Our friendship had started in Geneva on a beautiful day with a not too warm, not too cold day, a blue sky as a backdrop to Mont Blanc's snow tops, much too beautiful to take a bus. I was walking to the train station through the UN complex of alphabet agencies when a woman asked directions to the train station.
She was a Russian attending a conference. Her English was as good, if not better than mine. We walked together chatting the entire way. At the station she was to take a train and I had errands. We exchanged emails.
We began a correspondence and found a lot in common: one child each, a lover of reading literature and history, food. She invited me to St. Petersburg, which I delayed. A few years went by. After I married, she invited my husband and me to visit.
We applied for VISAs. Interesting that his as an American was about $125. Mine as a Swiss, was charged at about $25.
She met us at the St. Petersburg airport. We stayed in her flat meeting her son, husband and cats.
The woman was determined to share the city she loved and had an itinerary that included churches, famous building, museums, the incredible subway, a river ride, a classical ballet and an evening of folk dancing and a boat trip on the river. Some meals we had at home including a wonderful cucumber salad. She gave me the recipe, some meals were at restaurants. We didn't eat at the McDonald's.
We began to understand the Russian letters.
I've never seen so much gold leaf and beautiful art work from small icons to huge statues. My friend, who knew history, gave me enough background that had I recorded it, I could have given professional tours to tourists.
The metro stations were works of arts in themselves.
She took me to a book store, where my first novel Chickpea Lover: Not a Cookbook was for sale. After the Russian Cosmopolitan had given it a good review it had been on the best seller list for a week or so I was told.
Her knowledge of Russian history was a gift. One of the thrills of the trip was to see the room where Rasputin was fed cyanide. We stood by the door where he escaped to jump in the Neva river. It is one thing to read about history, but another to stand where it happened.
Seeing where Fydor Dostoevsky wrote The Brothers Karamazov was thrill. As a writer I like to be where books were written as if their talent vibes in the wall will fill my brain and nerves to my fingertips.
Because we were with a native, we had experiences that would never have happened otherwise.
After the ballet, our hostess did not like the look of the taxi drivers. "Wait here," she said.
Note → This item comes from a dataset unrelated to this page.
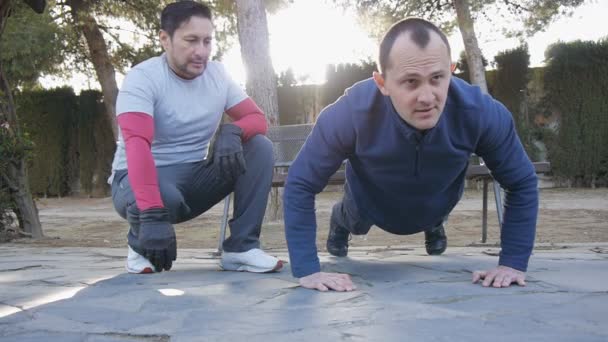 Προπόνηση με προσωπικό γυμναστή σε εξωτερικούς χώρους. Γυμναστήριο άνθρωπος κάνει σούπερ αργή push-ups σε ένα πάρκο ως μέρος της μια ρουτίνα προπόνηση. Ο προπονητής παρακολουθεί μετρώντας τα δευτερόλεπτα — Αρχείο Βίντεο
She ran into the street and pulled a driver, a stranger over then waved for us to get in the car. She had negotiated a price with him to take us home. I tried to imagine doing that in Boston, Geneva or any other major city. I couldn't imagine it in our little French village either.
My life amazes me sometime. I bumble into things that end up giving me incredible experiences.
Dusty pink is my favorite color. The slippers trim is dusty pink. No matter what the color is, I put them on and walk with memories.